• [REQUIRED WORK]
All lines below starting at the one that holds "Engine Coolant Overflow" and ending at the one that holds "Sandro lace detail dress size 3" should be printed exactly, ends included. Pictures should not be printed, nor anything else.

• [DATA SHOWN]
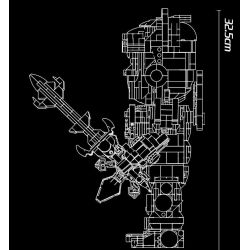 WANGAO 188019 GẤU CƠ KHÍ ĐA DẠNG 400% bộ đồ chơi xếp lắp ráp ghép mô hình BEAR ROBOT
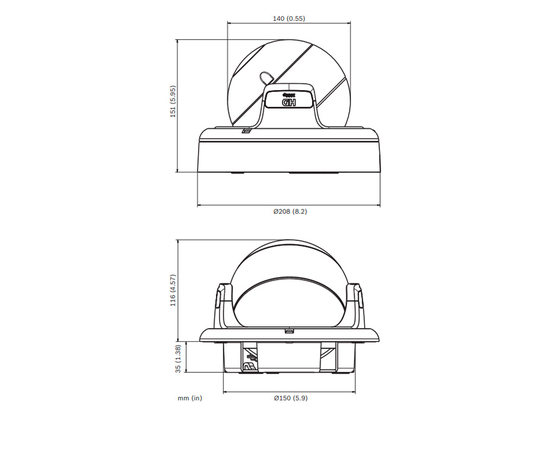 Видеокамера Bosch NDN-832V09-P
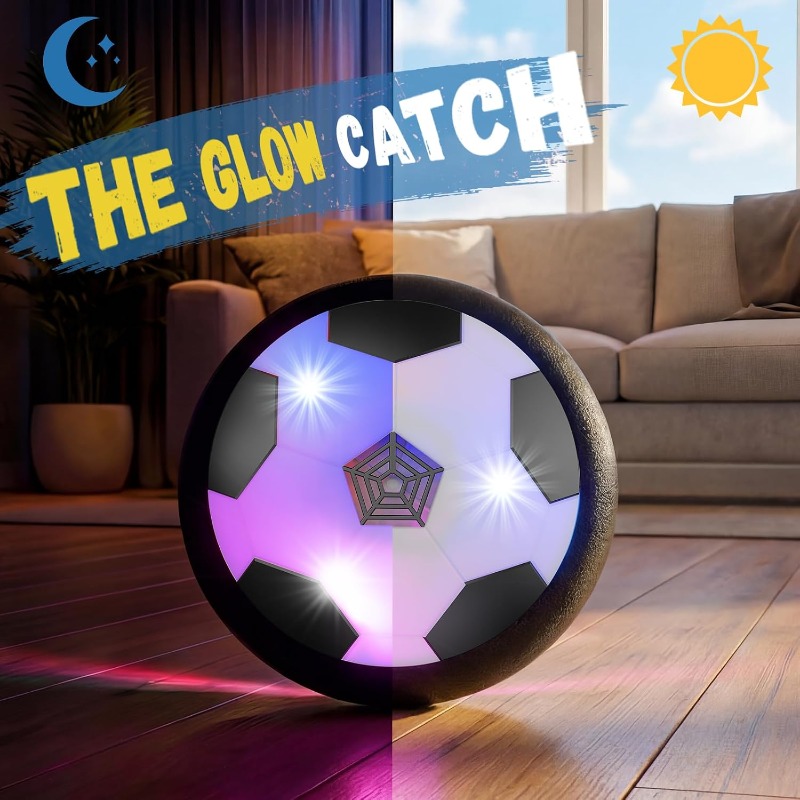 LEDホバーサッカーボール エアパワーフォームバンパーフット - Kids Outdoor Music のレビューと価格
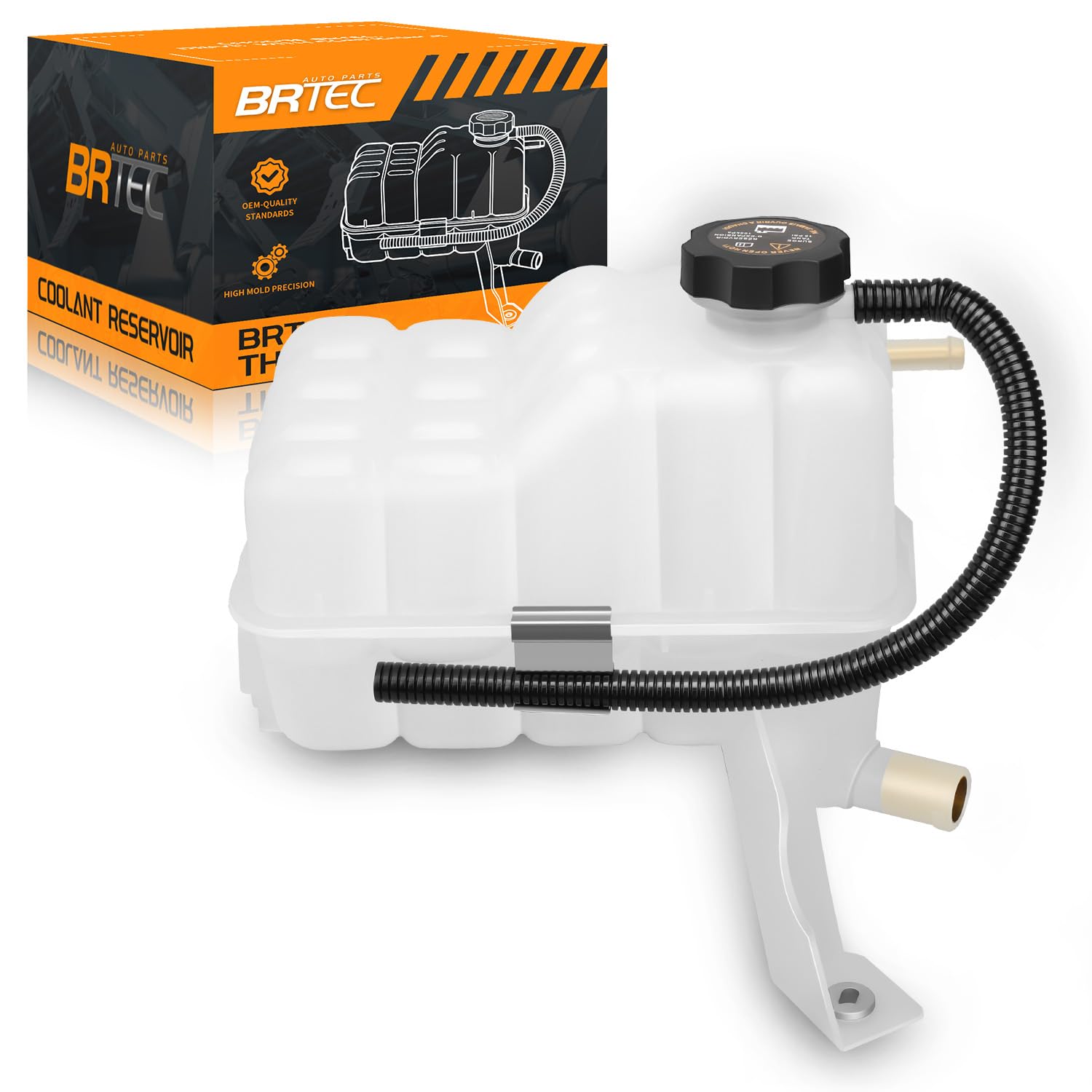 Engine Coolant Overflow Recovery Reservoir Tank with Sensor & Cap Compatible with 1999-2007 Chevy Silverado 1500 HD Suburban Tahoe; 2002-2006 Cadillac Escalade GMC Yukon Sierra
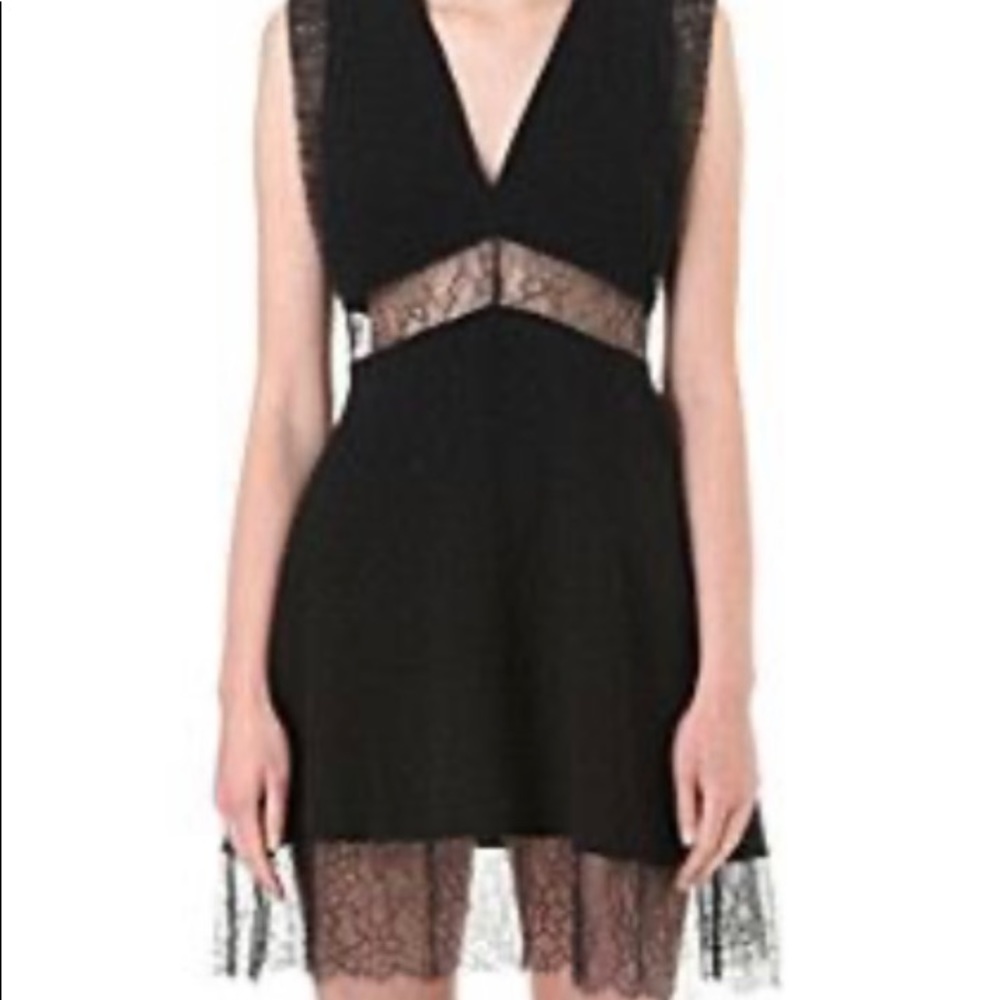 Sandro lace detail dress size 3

---

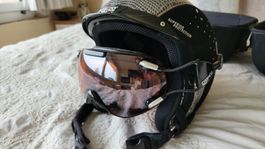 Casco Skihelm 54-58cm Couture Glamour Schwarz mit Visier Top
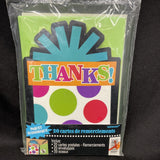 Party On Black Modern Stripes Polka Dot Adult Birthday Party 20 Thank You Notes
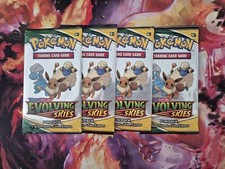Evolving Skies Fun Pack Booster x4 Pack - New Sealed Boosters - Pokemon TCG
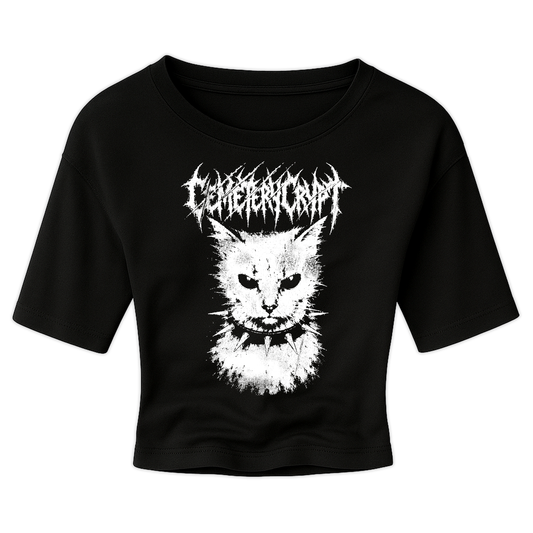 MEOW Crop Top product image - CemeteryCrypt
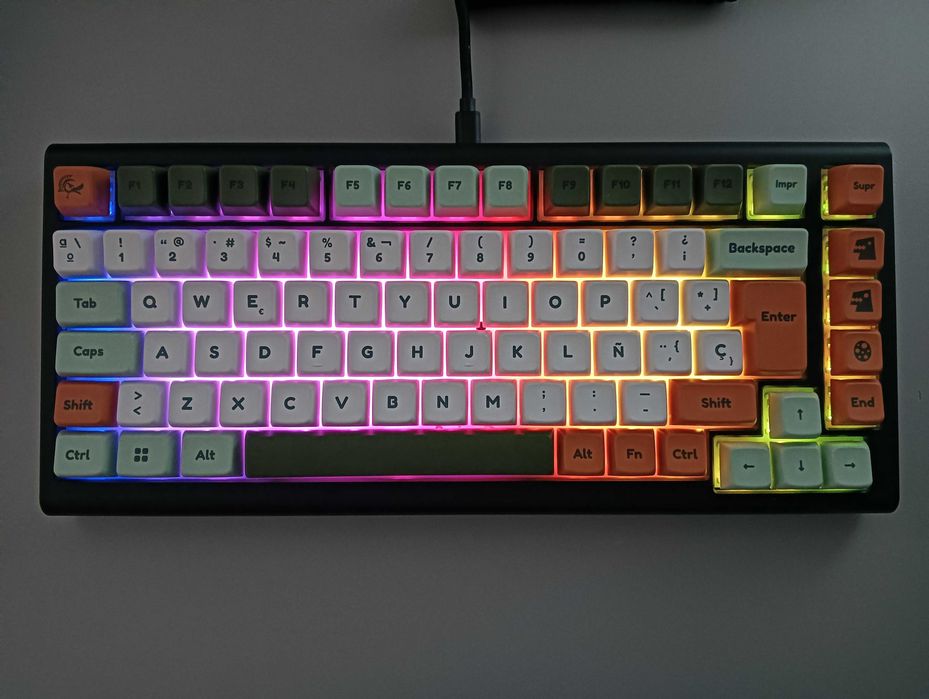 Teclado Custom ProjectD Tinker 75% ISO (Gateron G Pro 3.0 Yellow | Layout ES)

• [OUTPUT OF THE EXERCISE]
 Engine Coolant Overflow Recovery Reservoir Tank with Sensor & Cap Compatible with 1999-2007 Chevy Silverado 1500 HD Suburban Tahoe; 2002-2006 Cadillac Escalade GMC Yukon Sierra
 Sandro lace detail dress size 3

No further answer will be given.